In this embodiment, the video data for all the available television channels is transmitted from the [0027] central distribution system 1 to each of the local distribution nodes 3, each user terminal 7 informs the appropriate local distribution node 3 which channel or channels it wishes to receive (by transmitting an appropriate request) and, in response, the local distribution node 3 transmits the appropriate video data, to the respective user terminals 7. Each local distribution node 3 does note however, broadcast the video data to the respective user terminals 7. Instead, each local distribution node 3 is arranged (i) to receive an optical beam transmitted from each of the user terminals 7 which are in its locality, (ii) to modulate the received beams with the appropriate video data for the desired channel or channels, and (iii) to reflect the modulated beams back to the respective user terminals 7. In addition to being able to receive optical signals from the central distribution system 1 and from the user terminal 7, each of the local distribution nodes 3 can also transmit optical data, such as status reports, back to the central distribution system 1 via the respective optical fibre bundle 5, so that the central distribution system 1 can monitor the status of the distribution network.

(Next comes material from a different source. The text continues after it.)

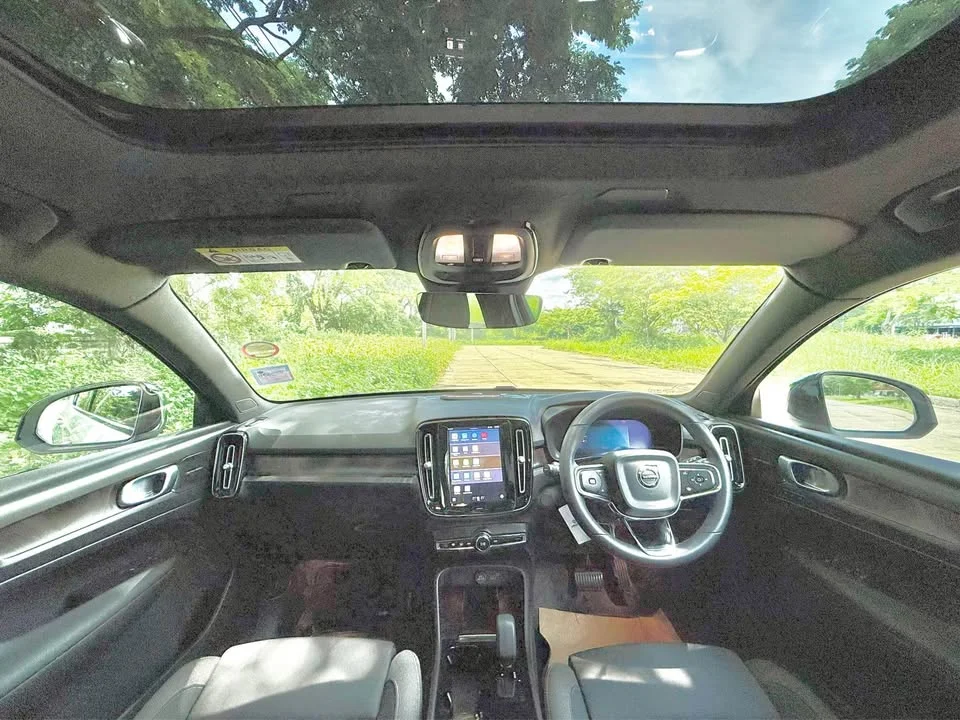 2024 Volvo XC40 2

FIG. 2 schematically illustrates in more detail the main components of one of the [0028] local distribution nodes 3 and one of the user terminals 7 of the system shown in FIG. 1. As shown in FIG. 2, the local distribution node 3 comprises a communications control unit 11 which (i) receives the optical signals transmitted along the optical fibre bundle 5 from the central distribution system 1; (ii) regenerates the video data from the received optical signals; (iii) receives messages 12 transmitted from the user terminals 7 and takes appropriate action in response thereto; and (iv) converts the appropriate video data into data 14 for modulating the respective light beams 15 received from the user terminals 7. In converting the video data into modulation data 14, the communications control unit 11 will encode the video data with error correction coding and coding to reduce the effects of inter-symbol-interference and other kinds of well known sources of interference such as from the sun and other light sources.

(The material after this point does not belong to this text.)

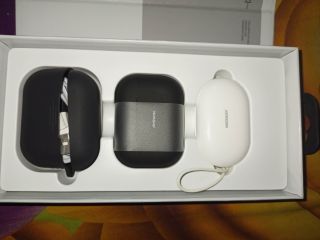 bluetooth-airpods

The [0029] local distribution node 3 also comprises a retro-reflector and modem unit 13, which is arranged to receive the optical beams 15 from the user terminals 7 which are within its field of view, to modulate the respective light beams with the appropriate modulation data 14 and to reflect the modulated beams back to the respective user terminals 7. In the event that an optical beam 15 received from one of the user terminals 7 carries a message 12, then the retro-reflector and modem unit 13 retrieves the message 12 and sends it to the communications control unit 11 where it is processed and the appropriate action is taken. In this embodiment, the retro-reflector and modem unit 13 has a horizontal field of view which is greater than +/−50° and a vertical field of view of approximately +/−5°.

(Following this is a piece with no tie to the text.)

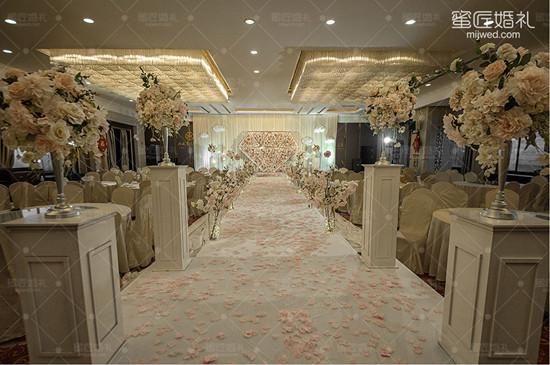 婚庆公司办一场婚礼要花费多少钱,婚礼婚庆一般多少钱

FIG. 2 also shows the main components of one of the [0030] user terminals 7. As shown, the user terminal 7 comprises a laser diode 17 for outputting a laser beam 19 of coherent light. In this embodiment, the user terminals 7 are designed so that they can communicate with the local distribution node 3 within a range of 150 meters with a link availability of 99.9 percent. To achieve this, the laser diode 17 is a 50 mW laser diode which outputs a laser beam having a wavelength of 850 nm. This output laser beam 19 is passed through a collimator 21 which reduces the angle of divergence of the laser beam 19. The resulting laser beam 23 is passed through a beam splitter 25 to an optical beam expander 27, which increases the diameter of the laser beam for transmittal to the retro-reflector and modem unit 13 located in the local distribution node 3. The optical beam expander 27 is used because a large diameter laser beam has a smaller divergence than a small diameter laser beam. Additionally, increasing the diameter of the laser beam also has the advantage of spreading the power of the laser beam over a larger area. Therefore, it is possible to use a higher powered laser diode 17 whilst still meeting eye-safety requirements.
Using the [0031] optical beam expander 27 has the further advantage that it provides a fairly large collecting aperture for the reflected laser beam and it concentrates the reflected laser beam into a smaller diameter beam. The smaller diameter reflected beam is then split from the path of the originally transmitted laser beam by the beam splitter 25 and focussed onto a photo-diode 29 by a lens 31. Since the operating wavelength of the laser diode 17 is 850 nm, a silicon avalanche photo-diode (APD) can be used, which is generally more sensitive than other commercially available photo detectors, because of the low noise multiplication which can be achieved with these devices. The electrical signals output by the photodiode 29, which will vary in dependence upon the modulation data 14, are then amplified by the amplifier 33 and filtered by the filter 35. The filtered signals are then supplied to a clock recovery and data retrieval unit 37 which regenerates the clock and the video data using standard data processing techniques. The retrieved video data 38 is then passed to the user unit 39, which, in this embodiment, comprises a television receiver in which the video data is displayed to the user on a CRT (not shown).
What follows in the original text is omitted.